**Your assignment**
Copy only the lines from the one with "50 Years Of" through the end of the records, exactly as they stand. No pictures belong in the copy.

/---

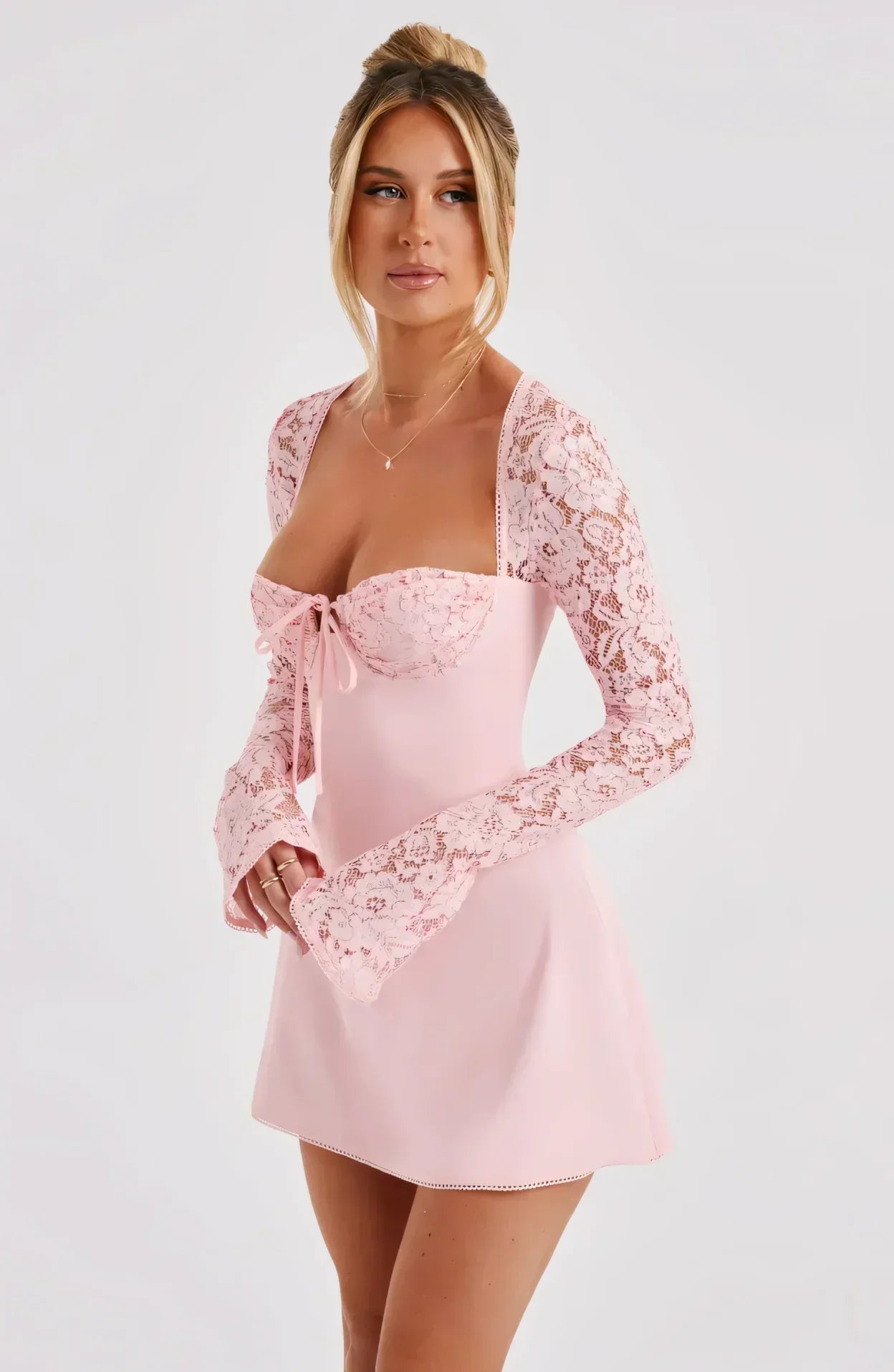 Ariadna Lace Sleeve Mini Dress - Light Pink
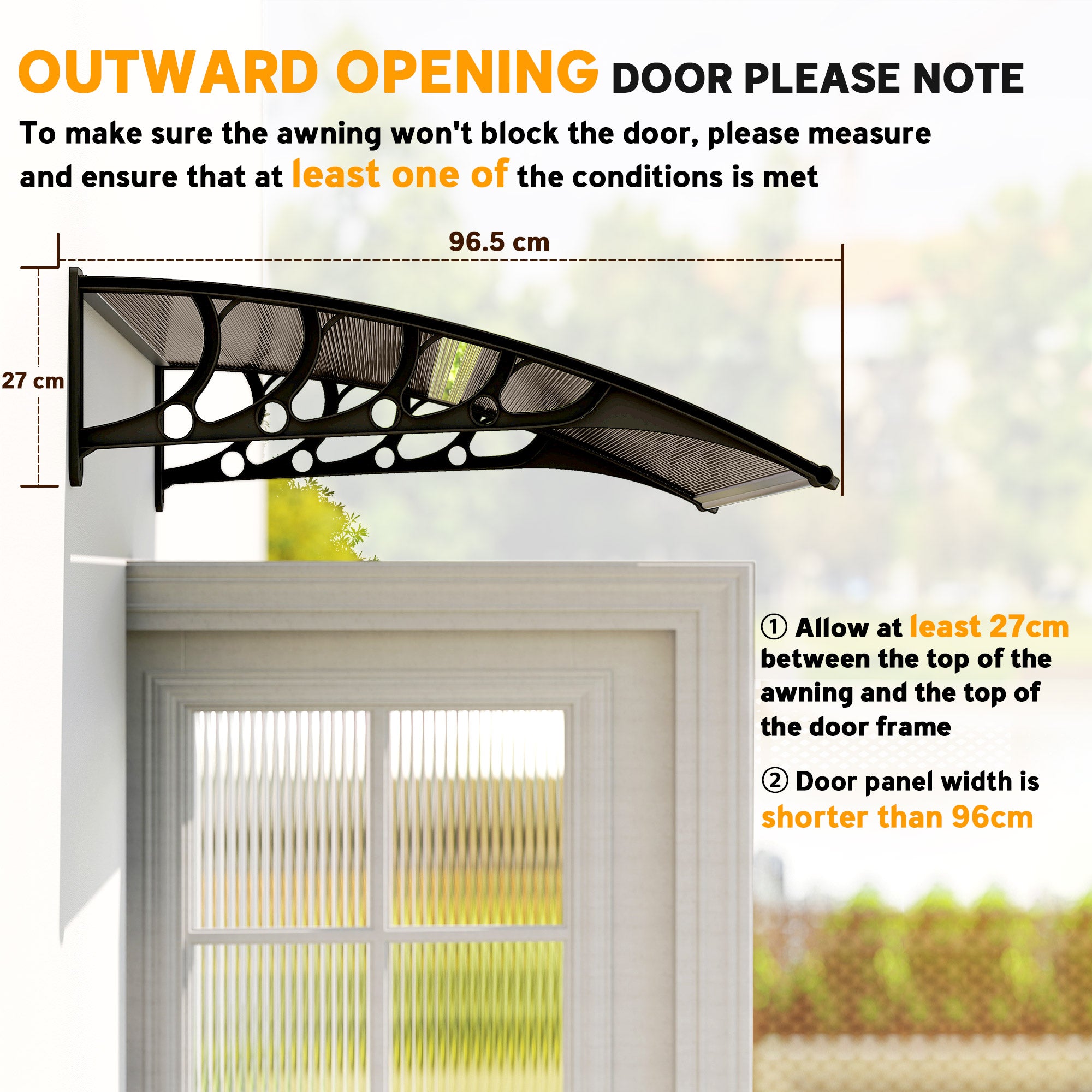 Outsunny Front Door Canopy, Outdoor Awning, Rain Shelter for Window, Porch and Front/Back Door, 103 x 96.5 cm, Brown 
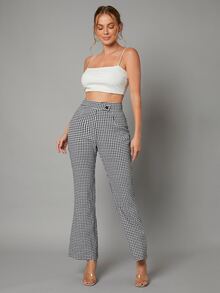 Houndstooth Print Flare Leg Pants - Black and White - View 5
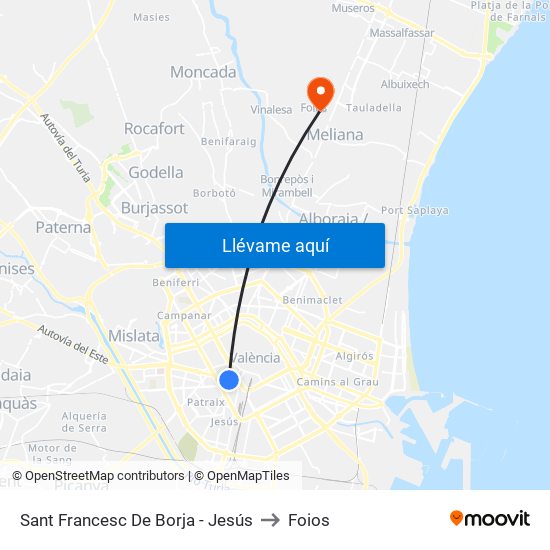 Sant Francesc De Borja - Jesús to Foios map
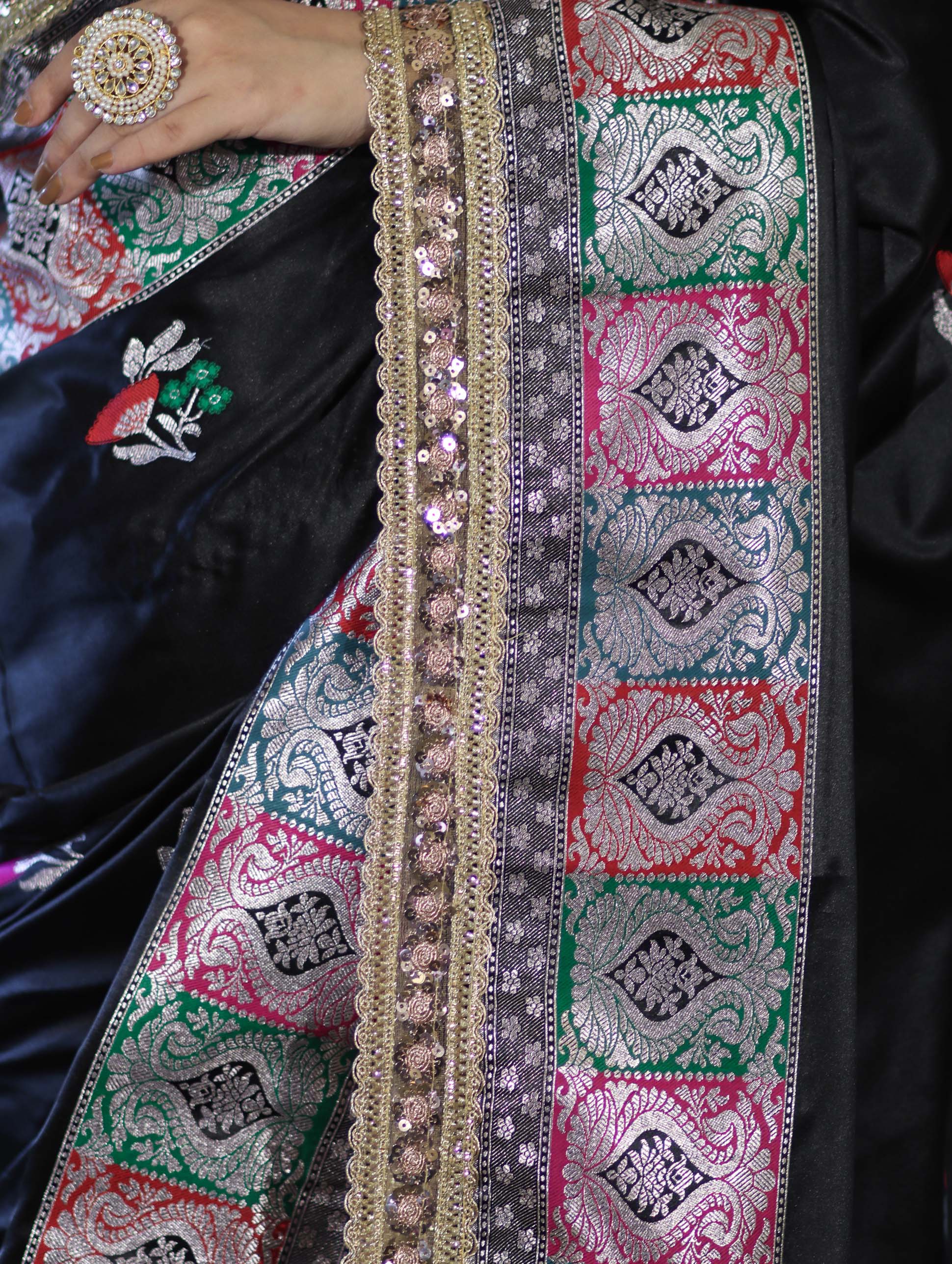 Banarasee Handloom Mashru Silk Saree With Resham & Zari Embroidery-Black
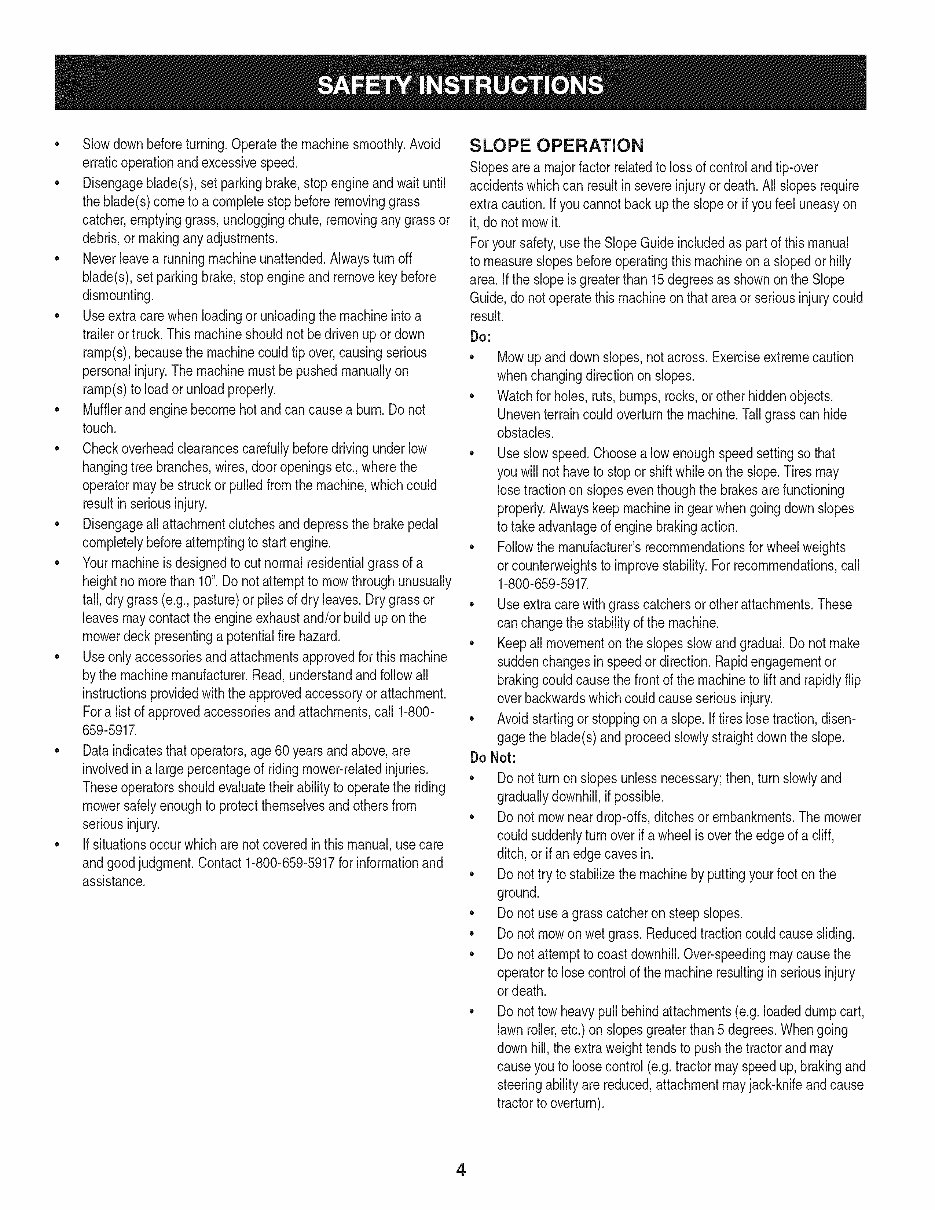 Craftsman 17.5HP Lawn Tractor Owners Manual preview img 4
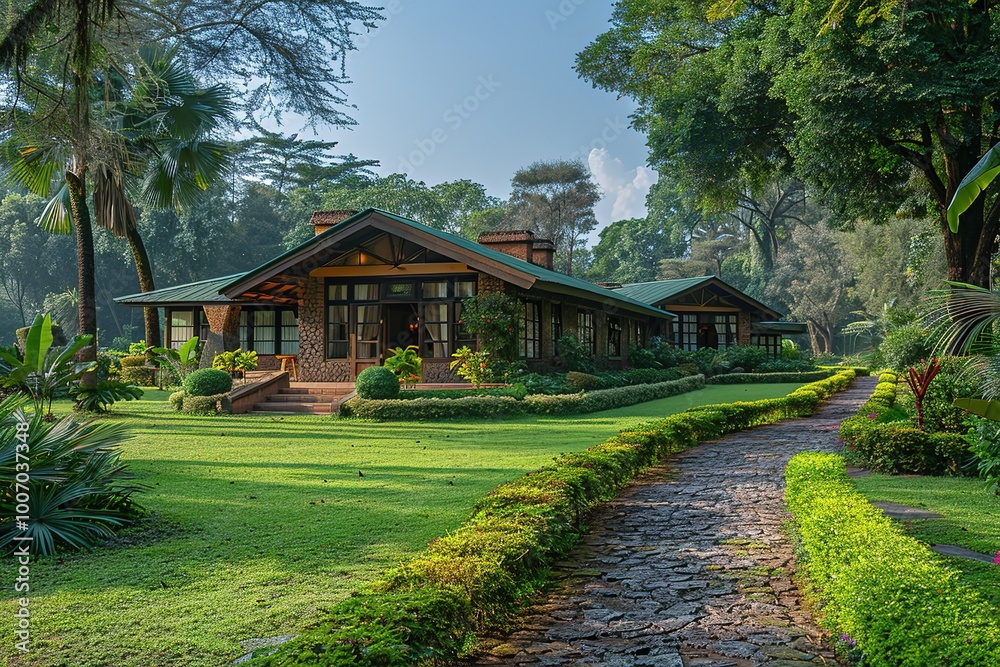 Fototapeta premium Modern House Surrounded by Lush Greenery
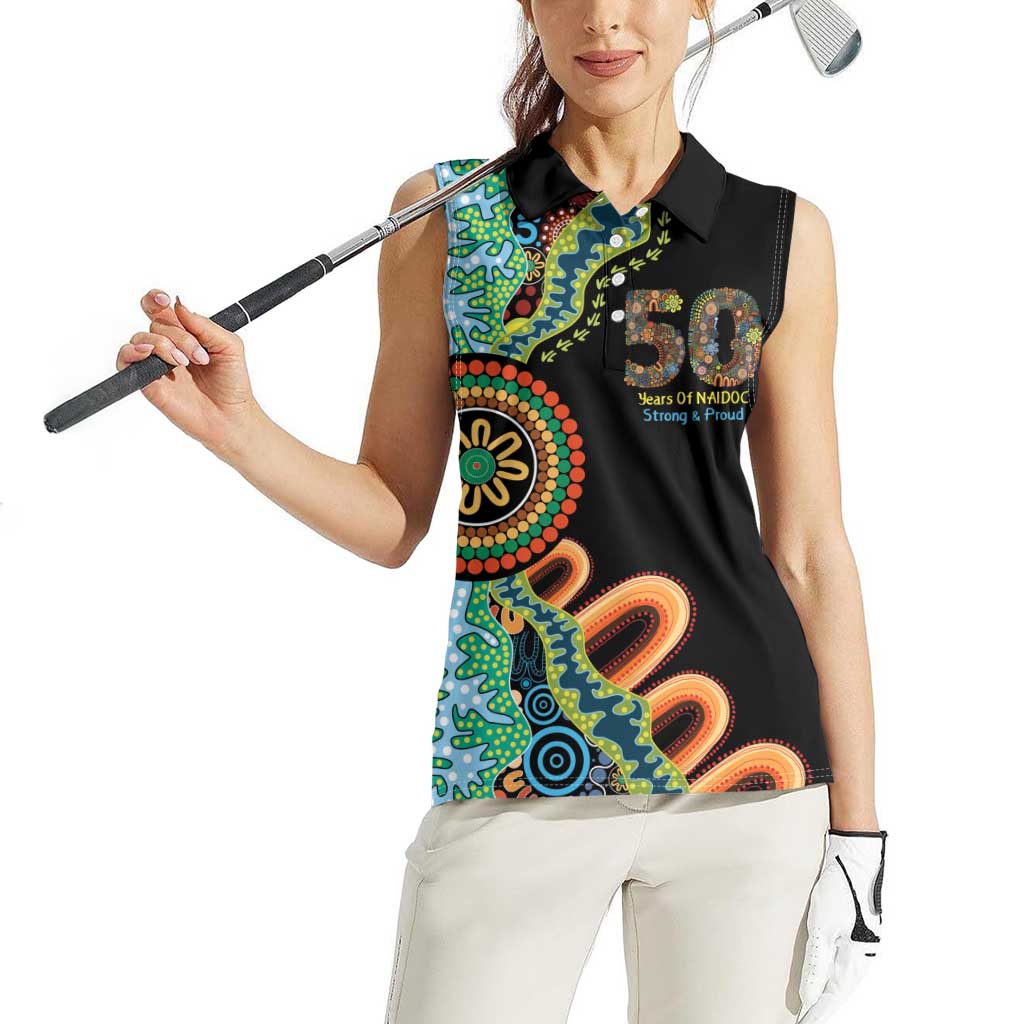 50 Years Of NAIDOC Women Sleeveless Polo Shirt Strong and Proud Aboriginal Dot Painting No3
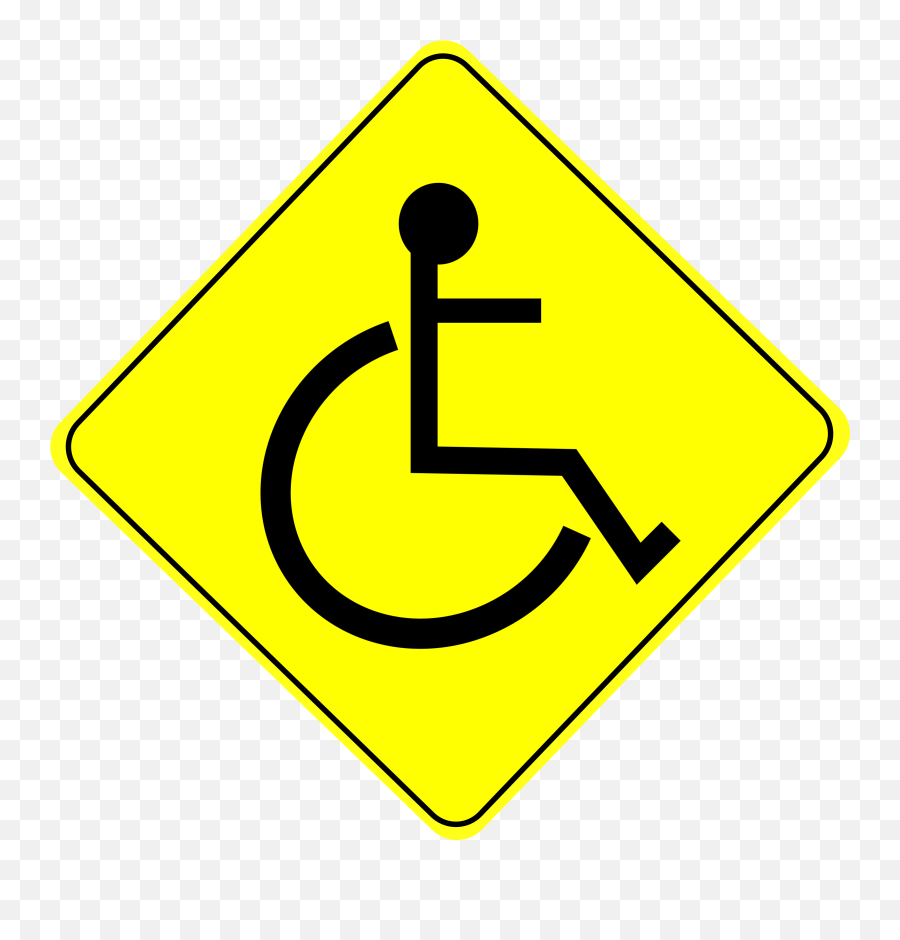 Caution Sign Clipart - Caution Wheelchair Sign Emoji,Caution Sign Emoji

\---

**Problem solution**
 50 Years Of NAIDOC Women Sleeveless Polo Shirt Strong and Proud Aboriginal Dot Painting No3
 Caution Sign Clipart - Caution Wheelchair Sign Emoji,Caution Sign Emoji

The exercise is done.